George Dunlap writes ("Re: [PATCH v2 4/6] tools/dm_restrict: Unshare mount and IPC namespaces on Linux"):
> On 09/24/2018 11:40 AM, Ian Jackson wrote:
> > I think that this means we should explicitly write down that the qemu
> > depriv implementation is incomplete on FreeBSD.
> 
> I think theoretically, an unprivileged user locked in a chroot owned by
> root, and with the xenstore fds properly restricted, should be enough to
> prevent a guest from gaining control or reading data that it shouldn't
> be able to read.  All of the other restrictions are to add extra layers,
> in case that first layer should have a bug.

I think this is not true.  The first thing I can think of is that such
a process can probably make network connections in an inappropriate
context.  The second thing is that it can leave a copy of itself
behind to interfere with the next domain (eg with ptrace) (which is a
thing we already know about).

Stepping back, my point is that the review that our set of depriv
calls etc. is sufficient, before we declare this feature supported,
ought to be kernel-specific.  So depending on which things are
implemented at which time, the feature might be (security-) supported
on FreeBSD but not Linux, or vice versa.

And this should be reflected in the paperwork somehow so that we don't
inadvertently conduct the review for one kernel and then just declare
the feature `supported'.  (This is less likely now that I have drawn
our attention to the issue by writing about it so much...)

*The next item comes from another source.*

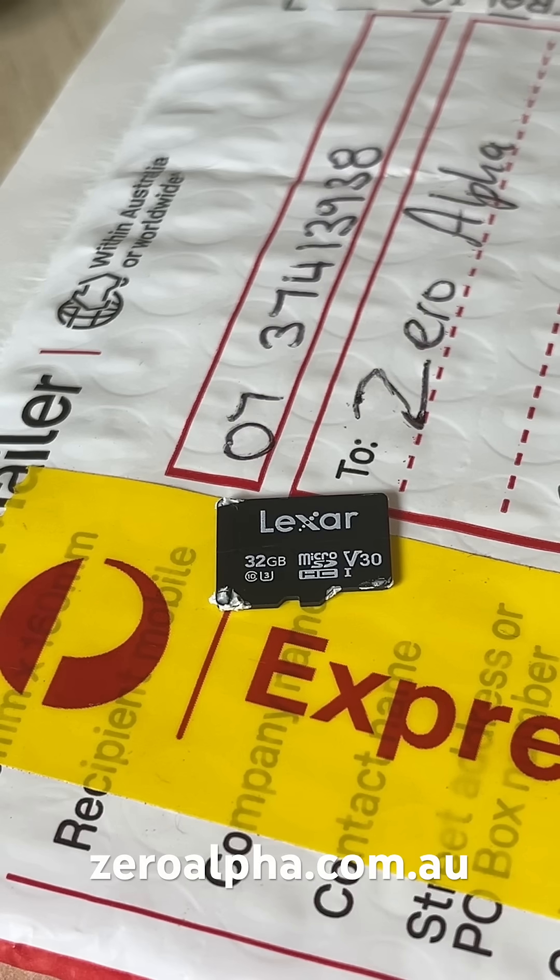This is a Lexar micro SD memory card that's been mailed in for data recovery. The customer says it's been used in a drone and they can no longer access their drone videos or photos. Let's run some tests and figure out what's wrong with it.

> > I wonder if maybe this output should be in subunit v1 format.
> 
> We could do that.
> 
> It doesn't look like the "official" subunit code [1] accumulates the
> failure and returns it as the status code of the script as a whole.  Is
> that something that's valuable, do you think?  Or should we have `status
> = OK` mean, "The script itself ran without errors, check the output for
> any test failures"?

I think the way you did it is better at least in the default case,
although an actual subunit v1 consumer will want the behaviour of
subunit.sh because then they know that a zero exit status means that
all intended tests have been reported.

I guess this is one reason why you might write your own little
wrappers.

Ian.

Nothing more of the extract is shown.